An important thing to know is that with access to the socket and the authorization file, applications have broad access to anything happening on your display, including keyboard/mouse inputs (no need to be the window on focus to collect them), clipboard contents, etc. See The Linux Security Circus: On GUI isolation by Joanna Rutkowska.

Now, you’ve probably noticed that I used $HOME/Xauthority.docker for the Xauthority file, but where does it come from? It actually doesn’t exist yet, but let’s now discuss how to create it. Note that you’ll have to create one before launching docker run.

Creating a suitable Xauthority file

When you’re logged in with a GUI environment, there’s typically a file at $HOME/.Xauthority, with read/write permissions only for your user – so that only your user can interact with the GUI. You can look at your cookie for the current display by running xauth list $DISPLAY. So the first solution would be to launch Docker with your user ID (typically -u 1000 if your user ID is 1000), and to mount the $HOME/.Xauthority file.

However, there is a caveat to that: the authentication is specific to a host name. Indeed, the output of xauth list typically starts with hostname/unix:0 – to indicate that the cookie is for the Unix socket 0 on hostname. The problem is that within the Docker container, the $HOSTNAME is different than on the rest of your machine – inside the container it is typically the container’s ID, randomly generated by Docker. This means that inside the container, our GUI applications won’t recognize any cookie in the original Xauthority file, and won’t try to authenticate to the X11 server.

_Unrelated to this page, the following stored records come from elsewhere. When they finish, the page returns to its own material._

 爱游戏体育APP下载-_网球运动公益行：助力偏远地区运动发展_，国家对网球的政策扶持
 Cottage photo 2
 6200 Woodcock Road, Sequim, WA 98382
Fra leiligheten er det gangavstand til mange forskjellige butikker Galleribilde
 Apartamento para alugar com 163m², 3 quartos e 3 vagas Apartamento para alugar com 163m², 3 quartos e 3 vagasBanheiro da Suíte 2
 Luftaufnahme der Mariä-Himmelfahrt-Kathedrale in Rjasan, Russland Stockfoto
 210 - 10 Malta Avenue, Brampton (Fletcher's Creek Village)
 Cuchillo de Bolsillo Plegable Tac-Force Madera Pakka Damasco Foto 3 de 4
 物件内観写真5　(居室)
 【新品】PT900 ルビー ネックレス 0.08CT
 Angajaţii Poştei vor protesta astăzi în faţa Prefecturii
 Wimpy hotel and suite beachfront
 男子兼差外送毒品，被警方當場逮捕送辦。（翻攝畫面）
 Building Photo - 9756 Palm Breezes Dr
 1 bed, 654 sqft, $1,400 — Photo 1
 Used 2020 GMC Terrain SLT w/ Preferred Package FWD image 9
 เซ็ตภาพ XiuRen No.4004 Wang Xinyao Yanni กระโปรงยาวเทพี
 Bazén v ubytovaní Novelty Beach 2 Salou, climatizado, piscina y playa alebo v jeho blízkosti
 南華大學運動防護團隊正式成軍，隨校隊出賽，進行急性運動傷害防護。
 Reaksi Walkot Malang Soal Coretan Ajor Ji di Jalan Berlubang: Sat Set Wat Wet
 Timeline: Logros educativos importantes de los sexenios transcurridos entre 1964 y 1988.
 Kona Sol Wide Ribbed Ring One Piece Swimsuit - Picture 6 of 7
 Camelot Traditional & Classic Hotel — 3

A solution to that is to use the so-called “FamilyWild” authentication method of Xauthority, to match cookies on any host. More precisely, the following command creates a new file (let’s put it in $HOME/Xauthority.docker), by replacing the authentication method of your own Xauthority file by 0xffff (the “FamilyWild” value).

# Create our modified Xauthority file.
xauth nlist $DISPLAY | sed -e 's/^..../ffff/' | xauth -f $HOME/Xauthority.docker nmerge -
# Last, make x11user the owner of this file. Because this user only exists
# inside the container, we use its numeric user (and group) ID.
sudo chown 6000:6000 $HOME/Xauthority.docker

You may wonder which permissions the new Xauthority.docker file has. Indeed, it shouldn’t be readable by any other user than its owner - otherwise the secret cookie would not be a secret anymore. It turns out that the xauth program takes care of this when creating the file. The interesting part (as you can see in the source code) is that it invokes the umask system call before creating the file.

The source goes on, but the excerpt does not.